Les tribunaux internationaux existent depuis que le système international moderne a été mis en place, et leur rôle est de régler les différends entre États ou parfois entre d'autres acteurs internationaux. Toutefois, c'est essentiellement à partir des procès de Nuremberg qui ont suivi la Seconde Guerre mondiale que des tribunaux ad hoc devant juger des individus accusés de crimes ont été créés pour que soient poursuivies les infractions pénales qui sont au cœur du droit international, à savoir le génocide, les crimes de guerre et les crimes contre l'humanité.

Abstraction faite des procès de Nuremberg et de Tokyo, les premiers tribunaux pénaux internationaux ont été mis en place dans les années 1990, pour que les atrocités perpétrées en ex-Yougoslavie et les tueries en masse commises au Rwanda soient jugées. Le Tribunal pénal international pour l'ex-Yougoslavie (TPIY) et son pendant au Rwanda (TPIR) ont tous deux été créés par le Conseil de sécurité des Nations Unies.

Depuis, des tribunaux spéciaux ont également été institués pour poursuivre des auteurs de crimes relevant du droit national et international. On trouve des exemples de ces tribunaux mixtes au Kosovo, en Bosnie-Herzégovine, au Timor-Leste, en Sierra Leone, au Cambodge et, plus récemment, au Liban.

Ces mécanismes juridiques sont un élément important de certains scénarios d'après-conflit. Ils alimentent un débat constant sur la nécessité de promouvoir la paix et la réconciliation dans un pays ou une communauté, alors que les victimes de violations massives des droits de l'homme exigent que justice soit faite.

Les arguments avancés en faveur de la tenue d'un procès à l'issue d'un conflit, lorsque des accusations de génocide, de crimes de guerre ou de crimes contre l'humanité ont été formulées, sont inspirés par le besoin de prévenir de nouveaux crimes, le besoin des victimes et de la communauté d'obtenir justice, et le besoin d'établir la vérité des faits pour permettre une future coexistence pacifique.

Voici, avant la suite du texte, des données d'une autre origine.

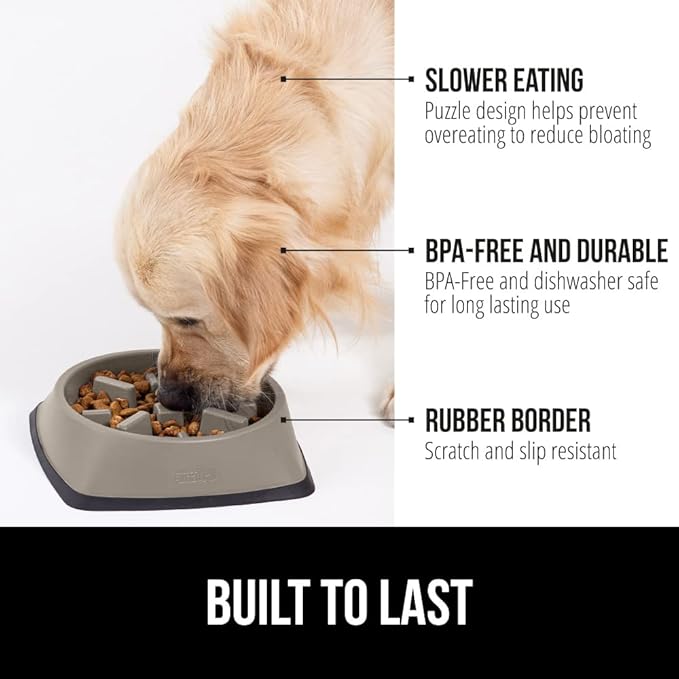 GORILLA GRIP Patented BPA Free Slow Feeder Dog Bowls, Interactive Puzzle Toy for Dogs and Cats Food Training Enrichment, Keeps Pets Busy and Prevents Puppy Overeating, All Breeds, 2 Cup, Beige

Il n'est pas possible, à ce stade, d'évaluer l'effet dissuasif des tribunaux ad hoc et leur capacité de prévention. On ne dispose pas de suffisamment d'éléments pour en juger. Il en va de même de leur capacité à établir la vérité. Leur rôle consistant à rendre la justice est plus clairement perçu par la population, mais encore doit-on identifier et traduire devant ces tribunaux les auteurs présumés des crimes.

Les juristes du CICR sont convaincus que des tribunaux tels que celui qui a été créé pour l'ex-Yougoslavie attestent d'une avancée majeure dans l'application du DIH. Ils ont renforcé le DIH en affirmant la valeur coutumière de certains principes, réduisant ainsi le fossé entre les règles applicables aux conflits armés internationaux et celles qui s'appliquent aux conflits non internationaux, et en donnant une interprétation plus souple de certaines dispositions traditionnelles du DIH pour les adapter aux réalités modernes.

Le CICR salue ces tendances, ainsi que la création de la Cour pénale internationale en complément des tribunaux ad hoc.

En tant que gardien du droit international humanitaire, le CICR soutient également les efforts déployés pour mettre fin à l'impunité en développant la justice pénale internationale, que ce soit en incitant les États à adapter leur législation afin de lutter au niveau national contre l'impunité des crimes internationaux, ou en encourageant la tendance à l'internationalisation des poursuites contre les responsables de génocide, de crimes de guerre et de crimes contre l'humanité.